Te posicionas porque eso te da identidad, aunque te la haya prestado un influencer que no conoces, un medio que te manipula o un amigo que está igual de perdido que tú. Pero lo importante, al parecer, es tener una etiqueta. Aunque la realidad te la arranque a hostias más tarde.
Los que se creen despiertos van a congresos de liberalismo un fin de semana. Hablan de libertad, de propiedad privada, de eficiencia y de mercados como si hubieran descubierto el fuego. Apuntan frases de Ayn Rand en una libreta Moleskine mientras se toman un café a 4,50€. Hablan de meritocracia como si fueran Elon Musk, pero todavía viven en casa de sus padres. Vuelven con un par de libros nuevos, una foto para instagram y la sensación de haber hecho algo importante. Pero la semana siguiente siguen sin saber qué hacer con su vida.
Los que se manifiestan van con la furia puesta. Marchan dos horas con pancartas prefabricadas y gritan eslóganes que leyeron esa misma mañana en Instagram. Gritan mucho, pero solo durante la manifestación. Porque al día siguiente tienen que madrugar, y hay que ser revolucionario, sí, pero con contrato fijo. Reivindican justicia social mientras pagan a plazos el nuevo iPhone. Se sienten parte de algo por unas horas. Luego, a casa, a mirar series. La lucha termina donde empieza el sofá.
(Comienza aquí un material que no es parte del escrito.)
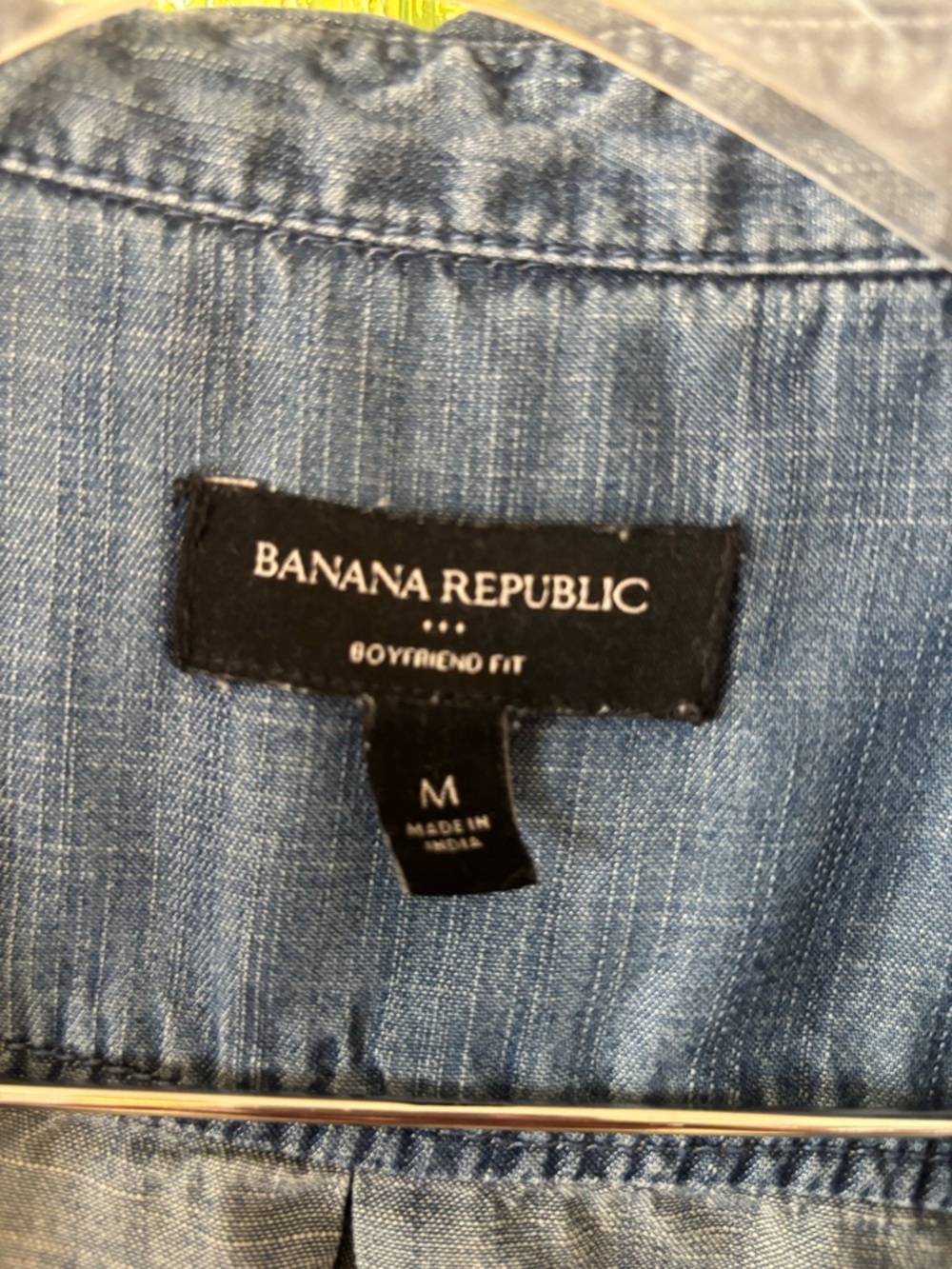 Banana Republic Chambray Boyfriend Fit Button Up Shirt - Picture 2 of 6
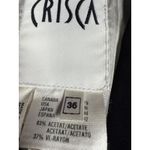 Crisca Blazer Womens 36‎ Black Double Breasted Ruffle Cuff Lined Made Germany Photo 1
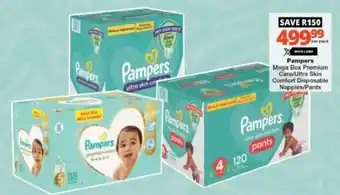 Pampers Mega Box Premium Care/Ultra Skin Comfort Nappies/Pants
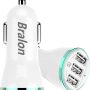 Bralon USB Car Charger[2-Pack],24W/4.8A Rapid Car Charger Compatible with Phone 12(Pro Max)/12 mini/11 Pro Max/Xs/Xs max/Xr/X/8,G.alaxy Note S10/S9/S8 and More - Image 6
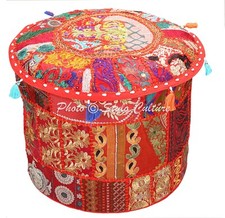Bohemian Pouf Ottoman Cover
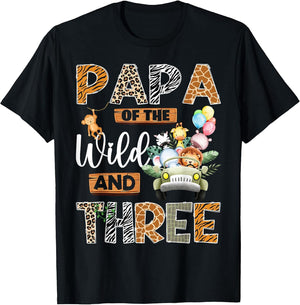 Papa of The Wild and Three 3Rd Birthday Boy Safari Truck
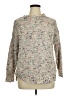 Cupio 100% Polyester Tweed Tan Pullover Sweater Size 1X - photo 1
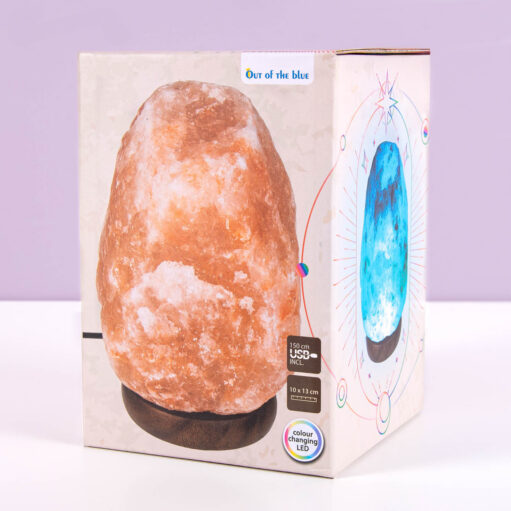 Salzlampe mit LED-Beleuchtung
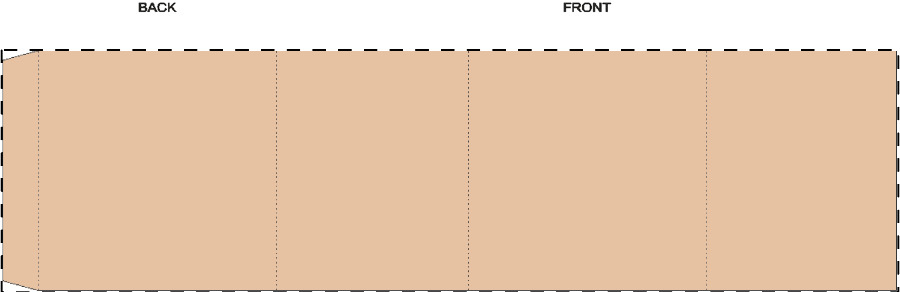 Individuelle Kraftpapierhülle
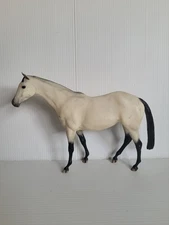 Breyer 711197 - JCP 1997 Xmas Special Run - Pinto Arabian White Grey - 10" x 8"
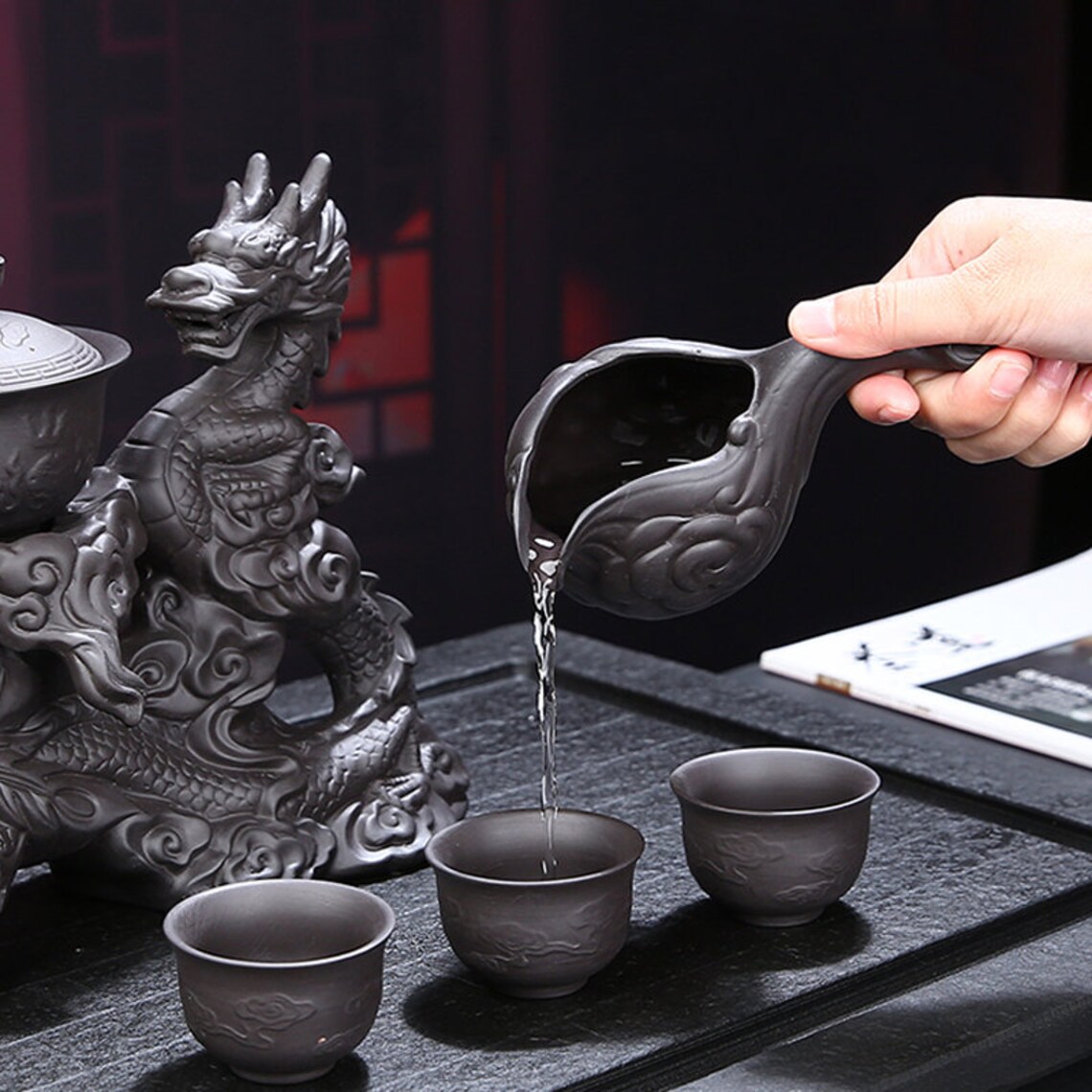 Automatic Tea Set Lazy Tea Set Kung Fu Tea Set Creative Tea Set Tea ...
Y luego están ellos, los críticos sin rostro, los valientes de teclado, los jueces anónimos del sarcasmo. No creen en nada, no defienden nada, no se mojan en nada, pero vomitan opiniones como si el mundo esperara su veredicto. No tienen el coraje de mostrar su nombre ni su cara. Se esconden tras un avatar de anime o la foto de un gato fumando, lanzan dardos desde la sombra y luego corren a revisar cuántos likes consiguieron. Se sienten superiores por no comprometerse, como si la cobardía fuera una forma sofisticada de inteligencia. Les da miedo pensar en voz alta, así que se dedican a señalar desde las sombras. Pero no son peligrosos. Son patéticos. Y ni siquiera son la excepción, son legión. Pero más triste aún, vivimos en un país donde hasta los ministros tiran beef en Twitter. ¿Qué puedes esperar? Si los que deberían gobernar están obsesionados con ser virales. Los payasos ya no están en la carpa, están en el Consejo de Ministros.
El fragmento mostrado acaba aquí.